Friday, August 29, 2008
Posted by Meeta K
One of our new features for the Daily Tiffin is inviting Guest writers and bloggers to contribute to this blog. Today we have Joseph Ho from uShip . Joseph contacted us with the idea of giving his expertise tips for moving with kids. We hope you enjoy the article.
Every year, one out of five American families moves. This could be for any number of reasons - maybe your family needs to relocate for a job transfer or financial matters, or perhaps you are just moving into another house in the same town. No matter what the reason, moving can be a hard time for children, who often thrive in an environment of familiarity and habit. Read on for a few tips on how to ease their anxiety about moving.
- Tell your child about the move ASAP: From the time you consider moving to the time you finalize the move, let your child know what is going on. Being “in the loop” not only makes your child feel like they are part of the decision making process but also gives your child more time to prepare himself/herself for the move.

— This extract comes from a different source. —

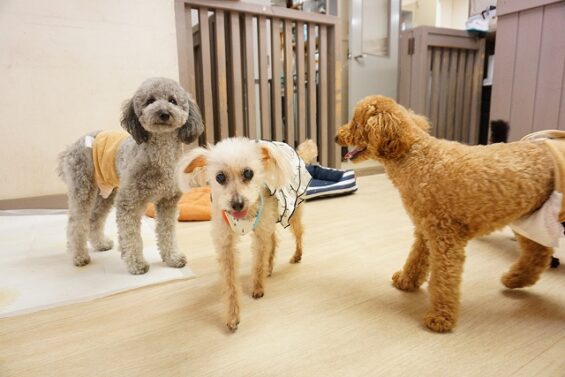 ヌーノクラブ　犬のペットホテル　東京　中野区　フリースペースでのびのび　お預かり中　ここあ_640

- Listen for their opinions: Depending on their age and personalities, your child may have issues about the move that can evoke a variety of feelings, and it is your job to lend an ear to these issues. Preschool children are usually worried about being left behind, separated from their parents, or losing toys. Preteens are often concerned about not being able to participate in familiar activities or visit familiar places. Teenagers are the toughest group, and they are almost always most worried about the change in their social lives, as they have invested a significant amount of their time finding a niche in their current social environment.
- Maintain an optimistic outlook: Much of the fear of moving to a new place is drawn from not knowing what life will be like in the new environment. Another factor that contributes to this uncertainty is that a move is often combined with some type of significant change in your professional or personal life, like a job transfer or change in marital status. Even if you are not happy about certain aspects of the move, keep a positive attitude about it. Your child will be looking towards you for reassurance.
- Document the past: Assist your child with obtaining the contact information of current friends and playmates. Before you move, take a few trips to your child’s favorite spots around town and take plenty of pictures or videos to preserve fond memories. Another good idea is to take pictures of your child’s room in order to be able to recreate parts of it in your new home.
- Set up future activities: Give your child information about the opportunities in the new town, especially opportunities related to activities that he/she is already participating in. If your daughter is taking ballet classes in your current city, take her to visit the local dance studio in your new city. Also show your child around the recreational areas of the new city.
The prospect of moving to an unfamiliar place with different people can be a very intimidating experience for your child, but good can come from this change. Use this shared adversity as an opportunity to take more of an active role in your child’s life and bring your family closer together.